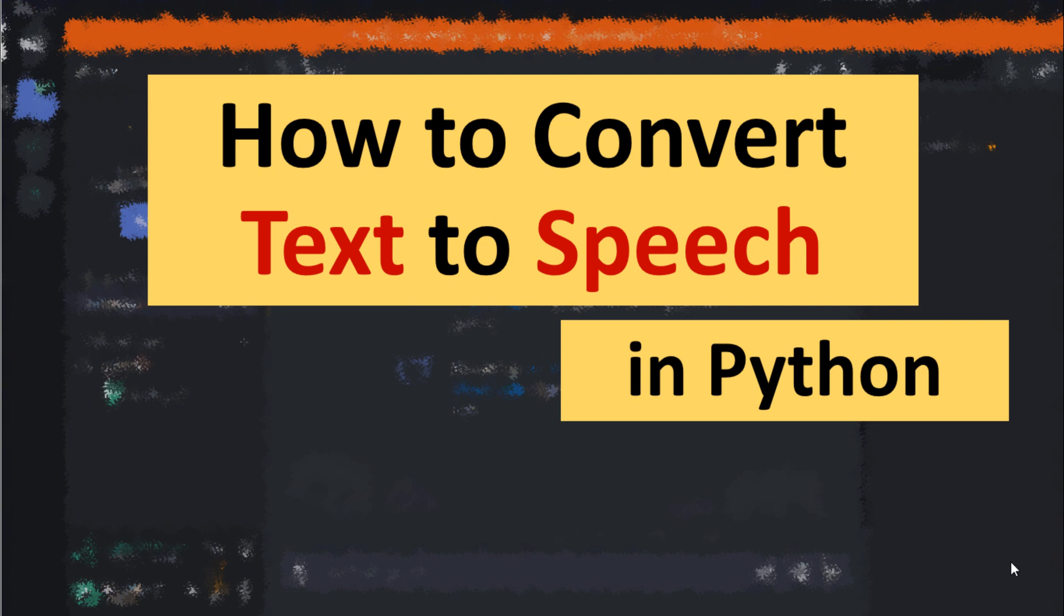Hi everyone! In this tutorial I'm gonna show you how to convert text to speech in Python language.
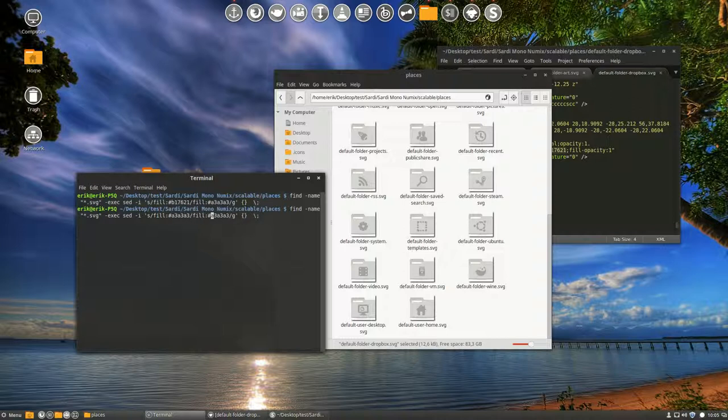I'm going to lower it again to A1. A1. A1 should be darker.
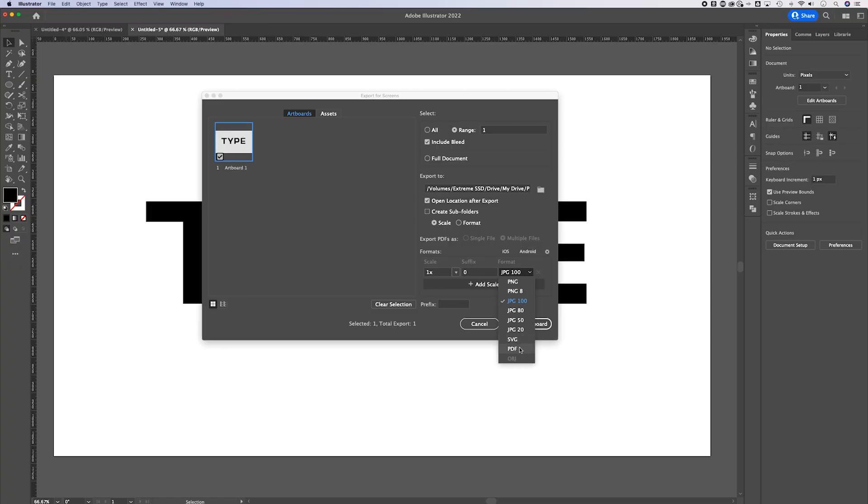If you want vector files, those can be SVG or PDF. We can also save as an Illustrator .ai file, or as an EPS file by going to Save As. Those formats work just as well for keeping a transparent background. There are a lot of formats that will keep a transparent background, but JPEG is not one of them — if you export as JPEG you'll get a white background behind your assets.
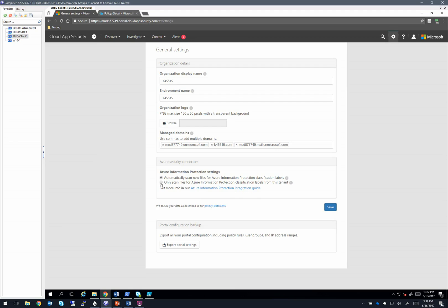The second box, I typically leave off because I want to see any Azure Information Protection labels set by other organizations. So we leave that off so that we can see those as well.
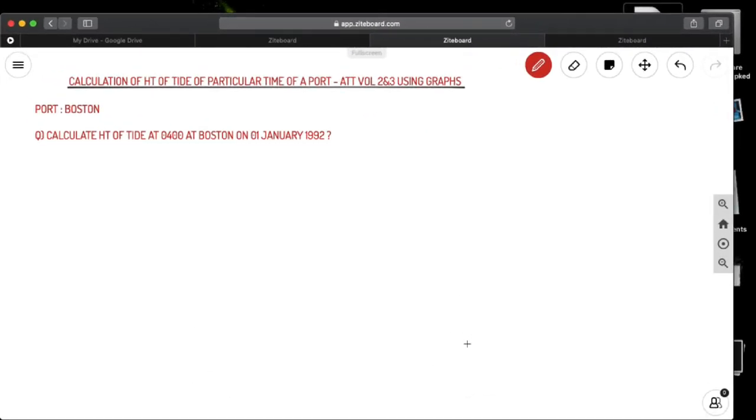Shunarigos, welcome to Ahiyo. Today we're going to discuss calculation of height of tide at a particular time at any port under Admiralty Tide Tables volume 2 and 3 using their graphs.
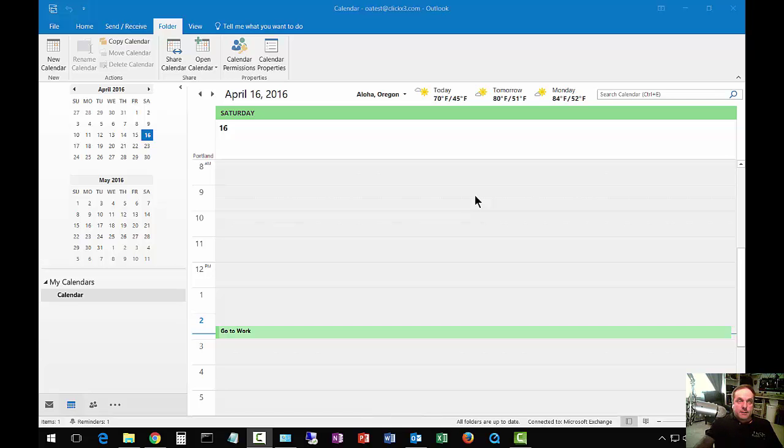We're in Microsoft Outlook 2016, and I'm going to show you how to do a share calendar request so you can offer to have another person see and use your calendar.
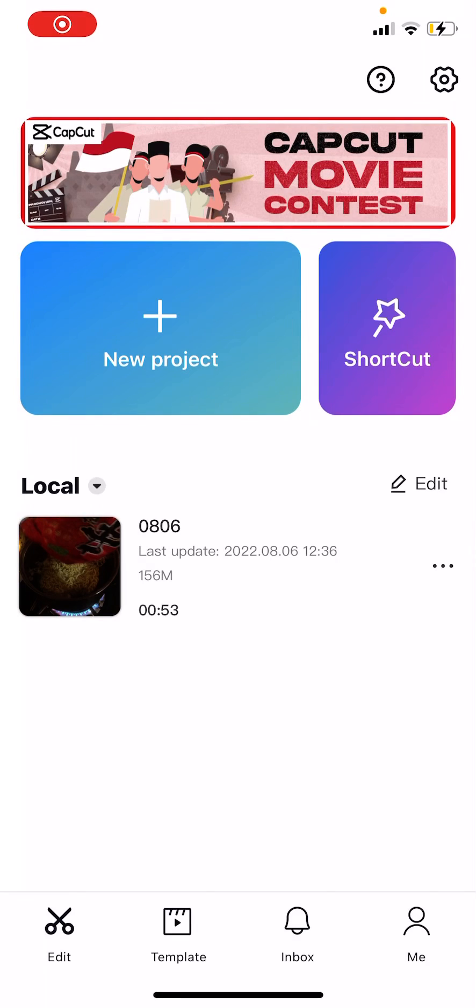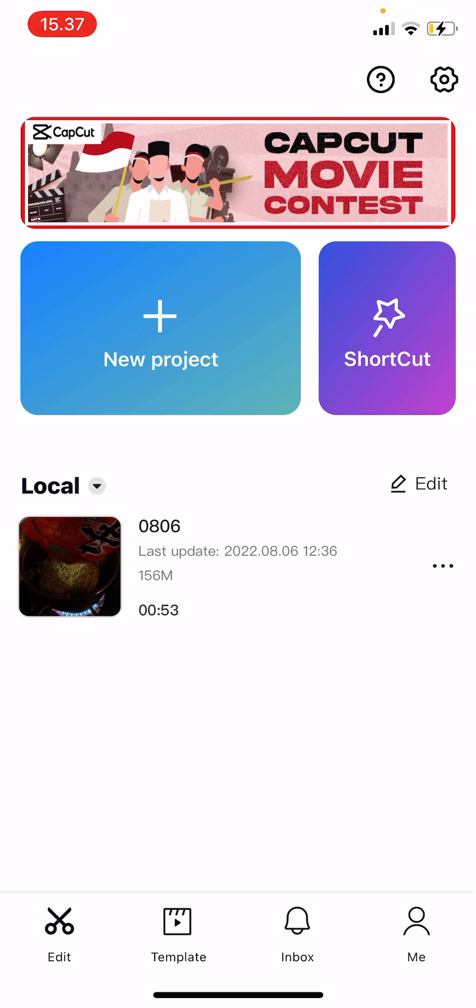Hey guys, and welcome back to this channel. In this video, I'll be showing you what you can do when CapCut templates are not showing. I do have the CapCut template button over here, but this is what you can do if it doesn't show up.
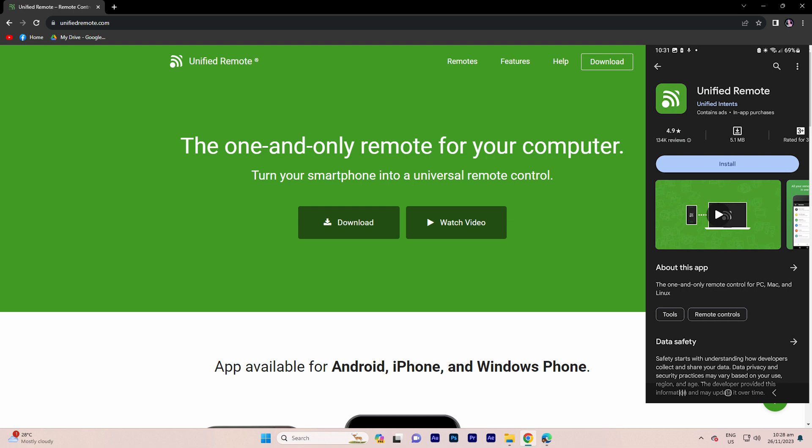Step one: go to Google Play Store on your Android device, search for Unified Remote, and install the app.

☆ ☆ ☆

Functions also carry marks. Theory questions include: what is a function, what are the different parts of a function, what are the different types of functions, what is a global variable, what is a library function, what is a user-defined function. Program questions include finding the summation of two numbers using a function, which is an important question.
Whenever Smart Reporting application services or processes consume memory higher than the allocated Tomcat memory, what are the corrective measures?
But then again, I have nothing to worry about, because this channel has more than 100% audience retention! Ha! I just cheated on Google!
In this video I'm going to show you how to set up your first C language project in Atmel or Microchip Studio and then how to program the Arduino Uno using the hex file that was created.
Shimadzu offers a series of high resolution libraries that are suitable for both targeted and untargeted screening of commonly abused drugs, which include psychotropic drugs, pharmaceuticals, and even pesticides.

☆ ☆ ☆

## Task item
Once the line with "Hi everyone! In" is found in the data above, reproduce it and each line after it exactly, through the line with "I'm going to lower". Omit the pictures.

## Task response
Hi everyone! In this tutorial I'm gonna show you how to convert text to speech in Python language.
I'm going to lower it again to A1. A1. A1 should be darker.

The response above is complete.